The tensor is of the shape (len(points), self.dim) and contains the normal vector at each entry from points.

Return type:

torch.tensor

sample_grid(n=None, d=None, params=Points: {}, device='cpu')[source]

Creates an equdistant grid in the domain.

Parameters:
  • n (int, optional) – The number of points that should be created.

  • d (float, optional) – The density of points that should be created, if n is not defined.

  • params (torchphysics.problem.Points, optional) – Additional paramters that are maybe needed to evaluate the domain.

  • device (str) – The device on which the points should be created. Default is ‘cpu’.

Returns:

A Points object containing the sampled points.

Return type:

Points

sample_random_uniform(n=None, d=None, params=Points: {}, device='cpu')[source]

Creates random uniformly distributed points in the domain.

Parameters:
  • n (int, optional) – The number of points that should be created.

  • d (float, optional) – The density of points that should be created, if n is not defined.

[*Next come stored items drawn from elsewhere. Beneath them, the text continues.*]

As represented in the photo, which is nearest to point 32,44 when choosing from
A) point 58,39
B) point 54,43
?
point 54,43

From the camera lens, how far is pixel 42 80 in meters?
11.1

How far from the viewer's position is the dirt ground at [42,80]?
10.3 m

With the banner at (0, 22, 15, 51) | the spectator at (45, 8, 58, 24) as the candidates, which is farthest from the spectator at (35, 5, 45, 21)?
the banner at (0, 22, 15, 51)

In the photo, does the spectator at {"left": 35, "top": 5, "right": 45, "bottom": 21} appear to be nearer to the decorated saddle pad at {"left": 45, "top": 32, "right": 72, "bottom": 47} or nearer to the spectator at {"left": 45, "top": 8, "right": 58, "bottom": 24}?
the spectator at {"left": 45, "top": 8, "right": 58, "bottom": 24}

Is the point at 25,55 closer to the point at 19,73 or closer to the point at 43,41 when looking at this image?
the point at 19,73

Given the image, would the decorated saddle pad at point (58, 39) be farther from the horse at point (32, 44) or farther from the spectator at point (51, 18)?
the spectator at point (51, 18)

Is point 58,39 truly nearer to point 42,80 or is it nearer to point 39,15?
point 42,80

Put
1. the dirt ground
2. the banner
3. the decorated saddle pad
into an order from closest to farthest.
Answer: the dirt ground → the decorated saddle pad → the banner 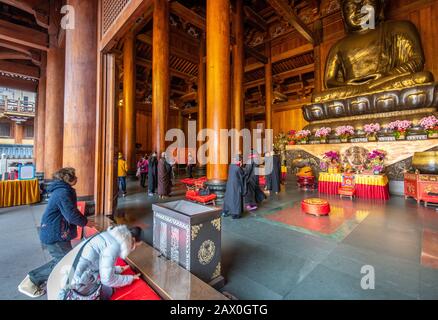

  • params (torchphysics.problem.Points, optional) – Additional paramters that are maybe needed to evaluate the domain.

  • device (str) – The device on which the points should be created. Default is ‘cpu’.

Returns:

A Points object containing the sampled points.

Return type:

Points

torchphysics.problem.domains.domain2D.shapely_polygon module

class torchphysics.problem.domains.domain2D.shapely_polygon.ShapelyBoundary(domain)[source]

Bases: BoundaryDomain

__call__(**data)[source]

Evaluates the domain at the given data.

normal(points, params=Points: {}, device='cpu')[source]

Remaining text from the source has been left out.